-- Your objective --
Go through the records below and tally the lines that include "pants". Answer with the number only.

Data records
——
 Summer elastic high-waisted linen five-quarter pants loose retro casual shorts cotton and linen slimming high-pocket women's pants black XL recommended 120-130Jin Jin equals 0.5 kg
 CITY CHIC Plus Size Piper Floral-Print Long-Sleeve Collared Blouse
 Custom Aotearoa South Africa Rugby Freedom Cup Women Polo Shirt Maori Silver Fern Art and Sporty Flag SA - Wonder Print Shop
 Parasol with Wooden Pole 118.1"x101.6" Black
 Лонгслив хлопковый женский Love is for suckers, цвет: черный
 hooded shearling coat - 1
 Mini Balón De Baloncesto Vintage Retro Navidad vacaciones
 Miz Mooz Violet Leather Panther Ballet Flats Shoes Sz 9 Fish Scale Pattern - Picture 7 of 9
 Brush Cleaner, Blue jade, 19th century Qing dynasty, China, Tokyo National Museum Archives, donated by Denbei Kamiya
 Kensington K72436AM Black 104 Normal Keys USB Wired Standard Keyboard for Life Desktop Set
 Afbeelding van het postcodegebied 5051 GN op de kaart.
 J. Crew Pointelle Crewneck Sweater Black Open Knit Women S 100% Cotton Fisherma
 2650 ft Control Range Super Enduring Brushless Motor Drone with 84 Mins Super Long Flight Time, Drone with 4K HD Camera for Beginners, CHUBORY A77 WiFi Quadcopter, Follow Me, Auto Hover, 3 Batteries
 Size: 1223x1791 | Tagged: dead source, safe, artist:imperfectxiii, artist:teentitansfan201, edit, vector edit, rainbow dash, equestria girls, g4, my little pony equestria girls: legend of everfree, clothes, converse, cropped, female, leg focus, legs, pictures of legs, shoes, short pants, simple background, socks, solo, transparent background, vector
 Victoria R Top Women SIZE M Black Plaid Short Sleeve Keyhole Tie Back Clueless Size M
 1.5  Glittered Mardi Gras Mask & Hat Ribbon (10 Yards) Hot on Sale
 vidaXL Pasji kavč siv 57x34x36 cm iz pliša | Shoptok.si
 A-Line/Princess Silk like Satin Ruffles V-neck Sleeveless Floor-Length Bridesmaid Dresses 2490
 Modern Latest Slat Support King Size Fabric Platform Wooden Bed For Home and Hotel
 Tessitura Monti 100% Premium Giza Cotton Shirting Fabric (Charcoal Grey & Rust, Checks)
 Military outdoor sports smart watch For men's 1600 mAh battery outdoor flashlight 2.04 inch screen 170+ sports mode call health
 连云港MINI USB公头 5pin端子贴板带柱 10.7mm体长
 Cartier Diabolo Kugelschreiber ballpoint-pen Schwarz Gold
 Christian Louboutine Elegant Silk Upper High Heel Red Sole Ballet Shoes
——
-- The answer --
2